Suggested Length: 1 page double spaced.
2. Literature Review
This is where you provide a literature review of the research that has been done before.
This is primarily a review of academic journal articles, but you can also reference industry or
government reports and, as appropriate, news articles. You must include at least 7-10
economics journal articles, as this is an economics class.
Suggested Length: 1 -2 pages double spaced.
3. Specific Background
If your research topic includes some specific background you think would be helpful to the
reader, include it here, e.g. an explanation of the collective bargaining agreement you are
studying, a history of immigration policy in the United States, changes in the occupation,
etc. You can be as detailed as necessary here; this is a great place to get into the weeds of
an issue or policy, or explain something that may be confusing to an outsider.
Suggested Length: 1 -2 pages double spaced.
4. Data
The Data section is where you list and explain the variables you are using in your study. You should
list the dataset name, what it is, and the years you are looking at (if applicable), e.g. Census data on
technician employment from 1999-2009. Do not add links or full citations here, but follow the
Chicago Style reference system.
You should also explain
why you are using the data. This can be as simple as “this measure of
unionization is standard for this topic” or, if it is less obvious, “I include the number of books by
university as a measure of capital”. It does not have to be fancy but you and the reader should be
able to understand why you are using some variable in your study.

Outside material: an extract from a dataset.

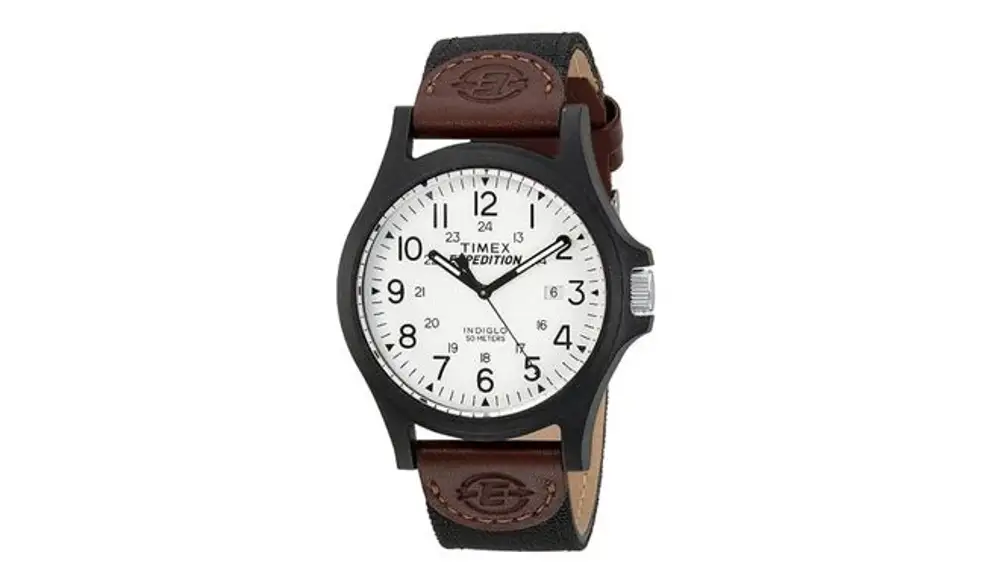 Timex clásico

If you have any tables or figures separate from your results you can cite them here, e.g. descriptive
tables of the data you are using, such as minimum/maximum/median/modal values, the number of
people impacted by a policy, the average number of years between policy changes, etc. You should
cite the tables/figures in the text, e, e.g. “The median wage and employment of teachers from 2000-
2005 is reported in Table 1”. Your actual tables and figures should be collected at the end of the
paper, in the order in which you cite them.
Suggested Length: 1 page double spaced.
5. Methods
This is where you state how you are testing/measuring your hypothesis. This is not where
you state your results. Instead, explain what you are doing, e.g. explain the OLS regression
you are using with the equation specified with your variables; explain the historical trend
analysis you are using and what variables go on the X axis and Y axis; explain the t-test or
other statistical test and how you are organizing the treatment and control groups for
comparison and analysis; explain the survey methods you used when collecting survey data,
etc. If you prefer, the Methods section can appear before the Data section.

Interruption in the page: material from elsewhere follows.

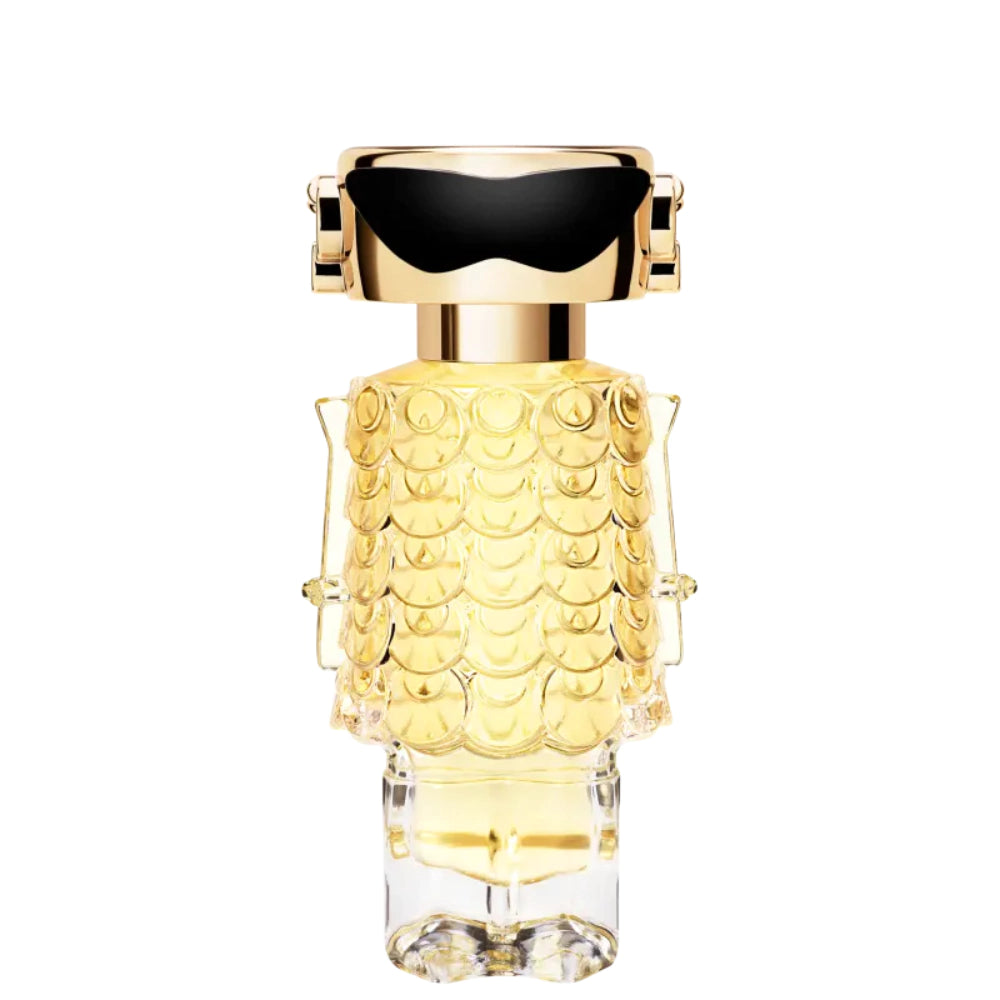 Perfume Fame - Paco Rabanne - Feminino - Eau de Parfum (Lacrado)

Suggested Length: 1 page double spaced.
6. Results
This is where you get to shine! You have done a lot of work; now tell us what you found. Be
as specific as you can and make sure you cite any tables or figures which illustrate or list
your findings.
Suggested Length: 1 -2 pages double spaced.
7. Discussion/ Conclusion
These sections can be the same or separate, depending on how much you have to say. This
is where you get to talk about your results and why they matter, potential policy
applications, what we might infer from a trends analysis, etc. Wrap up your findings and
research question one last time in a neat bundle.
Suggested Length: 1 page double spaced.
8. References
I would expect no less than 20 citations, with no less than 7 economics journal articles. The
references should be formatted in the Chicago Style.
9. Tables/Figures
Tables and figures are listed in the order that you cite them, and they appear after the
references. All the tables should be listed in order, and then all the figures.